NSS unit steps in to help city rid of open defecation

Officials from 126 colleges to assist corporation in building toilets

August 23, 2016 12:00 am | Updated 10:10 am IST - MANGALURU:

An initiative of Mangaluru City Corporation to make the city free of open defecation under the Swachh Bharat campaign has received a shot in the arm as the National Service Scheme (NSS) unit of Mangalore University has come forward to share its human resources to build individual toilets for the poor.

The authorities of the corporation and the NSS met two days ago to make the initiative a reality.

According to an official, the civic body will have to build 361 individual toilets for the poor. Those who have applied to the corporation are eligible to get Rs. 15,000 per toilet from the government, including from the Union and the State governments. The official added that though 408 people had submitted applications for building toilets, 47 were rejected as they already had toilets.

The corporation would have to build toilets for them before January next when a team from the Union government would visit the city between January 4, 2017 and February 4, 2017 for the Swachh Sarvekshana Survey, 2017.

At the meeting, the NSS agreed to share its human resources to construct maximum number of toilets under the campaign.

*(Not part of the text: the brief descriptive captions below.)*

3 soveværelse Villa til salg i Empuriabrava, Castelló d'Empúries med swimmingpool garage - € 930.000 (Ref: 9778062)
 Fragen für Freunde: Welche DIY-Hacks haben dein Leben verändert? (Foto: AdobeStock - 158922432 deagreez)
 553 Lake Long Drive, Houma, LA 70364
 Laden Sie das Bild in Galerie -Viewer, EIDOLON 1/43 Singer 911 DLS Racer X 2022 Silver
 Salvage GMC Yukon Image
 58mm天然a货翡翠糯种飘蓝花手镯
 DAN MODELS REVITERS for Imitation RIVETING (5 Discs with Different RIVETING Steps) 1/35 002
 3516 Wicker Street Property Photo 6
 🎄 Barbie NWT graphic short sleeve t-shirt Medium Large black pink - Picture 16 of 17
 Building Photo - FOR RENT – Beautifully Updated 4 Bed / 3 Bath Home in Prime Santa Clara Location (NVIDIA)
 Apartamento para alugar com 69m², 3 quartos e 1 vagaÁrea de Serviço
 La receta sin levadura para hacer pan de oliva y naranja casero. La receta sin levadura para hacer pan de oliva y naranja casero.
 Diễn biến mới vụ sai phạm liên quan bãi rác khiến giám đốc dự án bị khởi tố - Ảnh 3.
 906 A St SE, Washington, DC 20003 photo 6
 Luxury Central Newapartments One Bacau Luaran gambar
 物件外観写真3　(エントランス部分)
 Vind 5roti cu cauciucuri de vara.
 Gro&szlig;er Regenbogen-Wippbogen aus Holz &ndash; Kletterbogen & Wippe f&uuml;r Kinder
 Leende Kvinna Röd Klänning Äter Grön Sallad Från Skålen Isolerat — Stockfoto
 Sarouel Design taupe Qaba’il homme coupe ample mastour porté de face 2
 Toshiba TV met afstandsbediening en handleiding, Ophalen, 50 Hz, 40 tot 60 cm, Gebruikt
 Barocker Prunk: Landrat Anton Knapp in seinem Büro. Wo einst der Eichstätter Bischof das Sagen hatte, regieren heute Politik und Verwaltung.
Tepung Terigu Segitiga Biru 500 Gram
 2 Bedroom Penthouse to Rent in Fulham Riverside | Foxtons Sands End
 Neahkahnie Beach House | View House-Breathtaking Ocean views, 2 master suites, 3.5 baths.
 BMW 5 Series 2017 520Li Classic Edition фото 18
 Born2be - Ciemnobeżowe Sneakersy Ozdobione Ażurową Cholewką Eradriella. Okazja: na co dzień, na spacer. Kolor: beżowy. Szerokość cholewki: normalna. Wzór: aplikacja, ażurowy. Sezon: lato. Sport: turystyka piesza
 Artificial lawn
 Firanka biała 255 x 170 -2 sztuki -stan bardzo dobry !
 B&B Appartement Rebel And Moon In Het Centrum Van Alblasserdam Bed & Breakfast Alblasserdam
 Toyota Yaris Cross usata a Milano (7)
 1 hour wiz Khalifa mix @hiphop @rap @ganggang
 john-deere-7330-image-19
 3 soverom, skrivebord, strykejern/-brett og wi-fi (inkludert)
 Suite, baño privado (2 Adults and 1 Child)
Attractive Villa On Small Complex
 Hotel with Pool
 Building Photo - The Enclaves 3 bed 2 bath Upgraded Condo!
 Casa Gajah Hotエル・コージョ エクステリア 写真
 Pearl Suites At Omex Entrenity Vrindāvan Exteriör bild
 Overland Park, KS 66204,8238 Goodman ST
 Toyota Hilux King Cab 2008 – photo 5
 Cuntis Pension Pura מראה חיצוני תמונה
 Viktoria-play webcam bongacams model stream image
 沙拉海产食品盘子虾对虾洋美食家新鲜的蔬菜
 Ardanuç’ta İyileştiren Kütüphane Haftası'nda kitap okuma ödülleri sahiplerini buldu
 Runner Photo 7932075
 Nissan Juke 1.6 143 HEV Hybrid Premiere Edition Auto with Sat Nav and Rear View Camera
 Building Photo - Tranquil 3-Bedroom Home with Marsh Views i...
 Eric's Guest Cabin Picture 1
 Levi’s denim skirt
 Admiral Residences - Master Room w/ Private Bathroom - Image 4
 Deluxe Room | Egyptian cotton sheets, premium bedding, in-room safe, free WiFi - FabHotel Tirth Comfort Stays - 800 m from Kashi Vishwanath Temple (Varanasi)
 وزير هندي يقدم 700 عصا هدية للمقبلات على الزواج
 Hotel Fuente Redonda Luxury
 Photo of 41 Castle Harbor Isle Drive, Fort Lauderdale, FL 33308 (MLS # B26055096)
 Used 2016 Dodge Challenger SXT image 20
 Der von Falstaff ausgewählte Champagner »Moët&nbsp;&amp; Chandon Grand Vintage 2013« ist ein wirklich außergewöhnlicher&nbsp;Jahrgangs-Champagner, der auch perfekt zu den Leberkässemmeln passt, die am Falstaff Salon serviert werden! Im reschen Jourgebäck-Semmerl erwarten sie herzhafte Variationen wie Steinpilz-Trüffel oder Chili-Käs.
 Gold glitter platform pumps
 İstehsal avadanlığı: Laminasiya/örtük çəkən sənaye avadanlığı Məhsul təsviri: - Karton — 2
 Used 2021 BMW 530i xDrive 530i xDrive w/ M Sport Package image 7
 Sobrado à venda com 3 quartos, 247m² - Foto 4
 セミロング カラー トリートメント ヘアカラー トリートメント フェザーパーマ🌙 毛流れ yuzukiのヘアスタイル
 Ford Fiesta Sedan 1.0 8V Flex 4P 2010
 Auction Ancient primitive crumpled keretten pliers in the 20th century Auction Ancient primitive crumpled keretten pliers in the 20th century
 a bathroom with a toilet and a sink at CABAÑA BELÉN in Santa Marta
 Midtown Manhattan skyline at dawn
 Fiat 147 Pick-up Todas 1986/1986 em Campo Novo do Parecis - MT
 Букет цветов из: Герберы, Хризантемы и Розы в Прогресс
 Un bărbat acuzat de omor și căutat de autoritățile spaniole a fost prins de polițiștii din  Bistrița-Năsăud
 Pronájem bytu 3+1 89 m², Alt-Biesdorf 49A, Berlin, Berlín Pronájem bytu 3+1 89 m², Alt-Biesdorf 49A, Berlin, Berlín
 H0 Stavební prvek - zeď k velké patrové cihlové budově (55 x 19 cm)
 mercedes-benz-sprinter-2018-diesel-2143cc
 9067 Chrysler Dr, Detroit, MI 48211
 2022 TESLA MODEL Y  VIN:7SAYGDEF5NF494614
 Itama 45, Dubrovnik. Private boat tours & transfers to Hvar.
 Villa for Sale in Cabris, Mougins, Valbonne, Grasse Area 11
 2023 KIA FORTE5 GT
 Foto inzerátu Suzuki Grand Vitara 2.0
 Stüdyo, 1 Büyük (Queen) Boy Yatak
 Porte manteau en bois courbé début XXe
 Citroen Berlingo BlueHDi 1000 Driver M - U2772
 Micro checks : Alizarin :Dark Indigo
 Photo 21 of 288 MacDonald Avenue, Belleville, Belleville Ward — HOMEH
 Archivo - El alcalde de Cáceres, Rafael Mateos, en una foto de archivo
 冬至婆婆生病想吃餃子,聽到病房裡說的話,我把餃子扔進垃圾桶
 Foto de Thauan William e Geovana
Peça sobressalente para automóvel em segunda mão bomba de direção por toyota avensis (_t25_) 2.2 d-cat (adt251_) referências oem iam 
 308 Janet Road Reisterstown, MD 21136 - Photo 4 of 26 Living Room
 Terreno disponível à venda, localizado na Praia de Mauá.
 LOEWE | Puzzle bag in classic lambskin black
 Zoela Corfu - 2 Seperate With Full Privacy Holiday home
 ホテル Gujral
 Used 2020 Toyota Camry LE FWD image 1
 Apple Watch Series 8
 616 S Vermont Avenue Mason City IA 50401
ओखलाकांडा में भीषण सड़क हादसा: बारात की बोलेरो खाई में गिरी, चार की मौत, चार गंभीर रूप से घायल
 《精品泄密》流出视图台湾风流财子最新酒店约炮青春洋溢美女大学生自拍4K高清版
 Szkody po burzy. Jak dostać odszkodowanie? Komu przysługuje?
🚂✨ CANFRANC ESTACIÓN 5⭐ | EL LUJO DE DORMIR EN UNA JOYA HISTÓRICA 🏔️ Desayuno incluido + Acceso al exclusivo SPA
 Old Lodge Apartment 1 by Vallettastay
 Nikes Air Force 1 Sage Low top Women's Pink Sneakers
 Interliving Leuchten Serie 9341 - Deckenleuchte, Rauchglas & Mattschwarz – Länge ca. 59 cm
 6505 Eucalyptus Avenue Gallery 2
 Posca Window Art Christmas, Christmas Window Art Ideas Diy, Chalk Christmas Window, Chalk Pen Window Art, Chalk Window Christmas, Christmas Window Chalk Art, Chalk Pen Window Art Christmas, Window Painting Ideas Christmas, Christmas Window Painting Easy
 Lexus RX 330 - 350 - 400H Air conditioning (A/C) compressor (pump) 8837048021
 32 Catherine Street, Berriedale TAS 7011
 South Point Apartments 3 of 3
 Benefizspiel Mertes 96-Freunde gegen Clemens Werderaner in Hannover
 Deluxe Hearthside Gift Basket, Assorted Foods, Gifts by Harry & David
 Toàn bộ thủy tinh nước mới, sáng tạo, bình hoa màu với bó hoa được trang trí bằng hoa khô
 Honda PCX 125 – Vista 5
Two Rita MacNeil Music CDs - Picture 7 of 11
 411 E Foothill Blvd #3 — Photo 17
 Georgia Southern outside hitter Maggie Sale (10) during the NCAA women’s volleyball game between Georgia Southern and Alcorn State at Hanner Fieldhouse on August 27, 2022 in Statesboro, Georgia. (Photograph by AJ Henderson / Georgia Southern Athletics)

The project will be a change for the volunteers from the annual routine “shramdan” programmes of cleaning, building playgrounds and roads.

The Task Force on Swachh Mangaluru, headed by the Mayor, would soon take a decision on whether the NSS volunteers would dig only the septic tank pits or build toilets also if provided with materials.

Vineeta Rai, co-ordinator, NSS of the university, told The Hindu, NSS officials from 126 colleges agreed to join hands to build the individual toilets both in the city and in other parts of the district.

Ms. Rai said the volunteers had already built some individual toilets in rural areas during annual camps in earlier years.

If the corporation supplies materials, the volunteers plan to build the toilets themselves as some of them have the expertise to do so. If not, septic tank pits could be dup up anyhow, she said. “Our volunteers already built a well at a government school in Belthangady in seven days,” she added.

The university has 16,000 NSS volunteers.

Ms. Rai said that the zilla panchayat has also asked the NSS if it could share its resources for building individual toilets in rural areas. “We are studying this proposal too,” she said.